Exercise data Start Marker
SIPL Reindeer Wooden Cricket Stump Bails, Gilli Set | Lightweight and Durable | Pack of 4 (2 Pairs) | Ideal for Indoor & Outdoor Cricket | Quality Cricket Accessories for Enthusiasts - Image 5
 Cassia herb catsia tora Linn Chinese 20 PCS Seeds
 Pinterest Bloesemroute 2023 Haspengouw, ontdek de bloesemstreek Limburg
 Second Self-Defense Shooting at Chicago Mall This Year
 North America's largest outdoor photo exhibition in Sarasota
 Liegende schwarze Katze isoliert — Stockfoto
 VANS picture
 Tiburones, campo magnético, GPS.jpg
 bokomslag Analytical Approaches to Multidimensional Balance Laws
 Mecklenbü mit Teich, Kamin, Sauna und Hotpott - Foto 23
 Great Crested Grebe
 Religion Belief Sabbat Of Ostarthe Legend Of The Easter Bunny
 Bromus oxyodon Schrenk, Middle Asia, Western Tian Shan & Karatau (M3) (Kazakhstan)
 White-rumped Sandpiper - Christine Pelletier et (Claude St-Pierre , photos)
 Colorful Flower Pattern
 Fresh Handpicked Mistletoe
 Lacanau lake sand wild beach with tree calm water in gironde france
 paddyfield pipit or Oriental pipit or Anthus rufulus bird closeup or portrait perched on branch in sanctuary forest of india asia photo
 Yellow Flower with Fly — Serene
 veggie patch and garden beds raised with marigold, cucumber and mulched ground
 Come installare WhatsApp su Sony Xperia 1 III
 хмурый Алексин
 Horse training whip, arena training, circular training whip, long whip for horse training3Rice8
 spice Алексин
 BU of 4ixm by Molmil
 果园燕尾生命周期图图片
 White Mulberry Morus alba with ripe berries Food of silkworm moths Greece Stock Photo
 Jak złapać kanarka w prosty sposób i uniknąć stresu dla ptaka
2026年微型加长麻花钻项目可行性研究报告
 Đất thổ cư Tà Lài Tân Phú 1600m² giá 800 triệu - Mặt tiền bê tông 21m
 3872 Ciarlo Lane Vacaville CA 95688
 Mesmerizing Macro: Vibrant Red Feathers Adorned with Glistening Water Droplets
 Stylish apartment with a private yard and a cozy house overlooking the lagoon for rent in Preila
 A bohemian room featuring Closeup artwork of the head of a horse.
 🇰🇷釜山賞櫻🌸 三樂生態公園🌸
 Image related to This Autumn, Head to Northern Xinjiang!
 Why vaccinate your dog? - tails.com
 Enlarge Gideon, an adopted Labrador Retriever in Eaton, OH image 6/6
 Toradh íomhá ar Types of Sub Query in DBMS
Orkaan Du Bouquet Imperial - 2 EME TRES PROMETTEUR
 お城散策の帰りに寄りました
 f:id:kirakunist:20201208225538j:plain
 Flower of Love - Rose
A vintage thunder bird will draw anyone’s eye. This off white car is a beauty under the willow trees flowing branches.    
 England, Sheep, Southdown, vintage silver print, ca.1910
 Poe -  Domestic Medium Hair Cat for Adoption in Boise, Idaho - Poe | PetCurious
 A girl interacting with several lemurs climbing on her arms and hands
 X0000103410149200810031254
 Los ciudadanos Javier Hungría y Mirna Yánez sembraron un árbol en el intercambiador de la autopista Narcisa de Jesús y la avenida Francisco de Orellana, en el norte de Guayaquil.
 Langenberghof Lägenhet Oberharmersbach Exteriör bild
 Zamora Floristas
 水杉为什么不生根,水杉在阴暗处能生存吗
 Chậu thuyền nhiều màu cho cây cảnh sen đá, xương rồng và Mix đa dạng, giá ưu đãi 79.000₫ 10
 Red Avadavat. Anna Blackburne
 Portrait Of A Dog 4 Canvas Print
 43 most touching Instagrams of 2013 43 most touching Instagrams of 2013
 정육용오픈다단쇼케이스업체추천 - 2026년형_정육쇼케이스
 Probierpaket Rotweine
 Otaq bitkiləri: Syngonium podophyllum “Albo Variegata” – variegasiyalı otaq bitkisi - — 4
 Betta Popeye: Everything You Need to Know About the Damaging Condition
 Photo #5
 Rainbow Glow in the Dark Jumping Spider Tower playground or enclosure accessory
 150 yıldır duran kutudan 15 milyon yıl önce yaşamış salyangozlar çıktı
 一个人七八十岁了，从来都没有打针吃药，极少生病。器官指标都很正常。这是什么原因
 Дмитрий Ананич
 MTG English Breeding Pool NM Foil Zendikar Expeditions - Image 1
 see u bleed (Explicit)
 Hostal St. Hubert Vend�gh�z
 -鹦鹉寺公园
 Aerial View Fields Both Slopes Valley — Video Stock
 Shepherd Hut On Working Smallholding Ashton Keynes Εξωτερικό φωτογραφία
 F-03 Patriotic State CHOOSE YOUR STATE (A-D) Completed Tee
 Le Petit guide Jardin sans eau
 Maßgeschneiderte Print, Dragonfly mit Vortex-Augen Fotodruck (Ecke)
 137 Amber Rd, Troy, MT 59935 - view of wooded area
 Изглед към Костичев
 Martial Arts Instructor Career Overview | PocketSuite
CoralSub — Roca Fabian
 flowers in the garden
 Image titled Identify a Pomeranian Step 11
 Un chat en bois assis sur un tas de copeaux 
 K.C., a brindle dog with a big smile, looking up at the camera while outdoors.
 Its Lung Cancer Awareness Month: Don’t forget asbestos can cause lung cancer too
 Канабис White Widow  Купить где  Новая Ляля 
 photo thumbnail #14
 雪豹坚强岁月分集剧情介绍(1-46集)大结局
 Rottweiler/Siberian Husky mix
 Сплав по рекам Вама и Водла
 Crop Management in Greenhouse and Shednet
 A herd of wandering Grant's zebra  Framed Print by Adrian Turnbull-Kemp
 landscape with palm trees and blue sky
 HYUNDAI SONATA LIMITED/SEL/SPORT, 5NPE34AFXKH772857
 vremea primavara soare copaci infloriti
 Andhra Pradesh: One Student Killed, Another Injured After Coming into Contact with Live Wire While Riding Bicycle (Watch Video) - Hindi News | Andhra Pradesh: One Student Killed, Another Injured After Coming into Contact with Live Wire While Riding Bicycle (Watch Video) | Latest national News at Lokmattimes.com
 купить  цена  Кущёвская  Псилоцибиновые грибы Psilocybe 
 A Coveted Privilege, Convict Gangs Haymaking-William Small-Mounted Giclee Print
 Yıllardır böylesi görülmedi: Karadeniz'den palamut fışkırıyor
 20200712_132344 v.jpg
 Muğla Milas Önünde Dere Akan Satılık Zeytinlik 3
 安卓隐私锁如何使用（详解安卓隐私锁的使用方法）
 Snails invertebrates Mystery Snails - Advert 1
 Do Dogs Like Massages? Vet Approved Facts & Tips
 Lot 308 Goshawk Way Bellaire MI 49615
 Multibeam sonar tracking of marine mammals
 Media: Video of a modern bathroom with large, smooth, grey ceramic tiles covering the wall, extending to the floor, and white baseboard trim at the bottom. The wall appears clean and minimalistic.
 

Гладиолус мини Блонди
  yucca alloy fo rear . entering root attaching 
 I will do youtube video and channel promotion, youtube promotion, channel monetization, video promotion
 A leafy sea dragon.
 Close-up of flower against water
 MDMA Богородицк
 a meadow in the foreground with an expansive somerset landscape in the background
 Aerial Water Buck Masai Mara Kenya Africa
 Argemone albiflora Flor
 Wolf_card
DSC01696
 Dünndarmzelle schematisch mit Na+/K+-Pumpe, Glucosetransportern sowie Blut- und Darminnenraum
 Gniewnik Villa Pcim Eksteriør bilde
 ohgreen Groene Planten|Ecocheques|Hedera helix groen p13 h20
Exercise data End Marker
Your assignment - The answer should consist only of the lines from the one containing "Argemone albiflora Flor" through the last line of the data, given again exactly.

Task answer -
 Argemone albiflora Flor
 Wolf_card
DSC01696
 Dünndarmzelle schematisch mit Na+/K+-Pumpe, Glucosetransportern sowie Blut- und Darminnenraum
 Gniewnik Villa Pcim Eksteriør bilde
 ohgreen Groene Planten|Ecocheques|Hedera helix groen p13 h20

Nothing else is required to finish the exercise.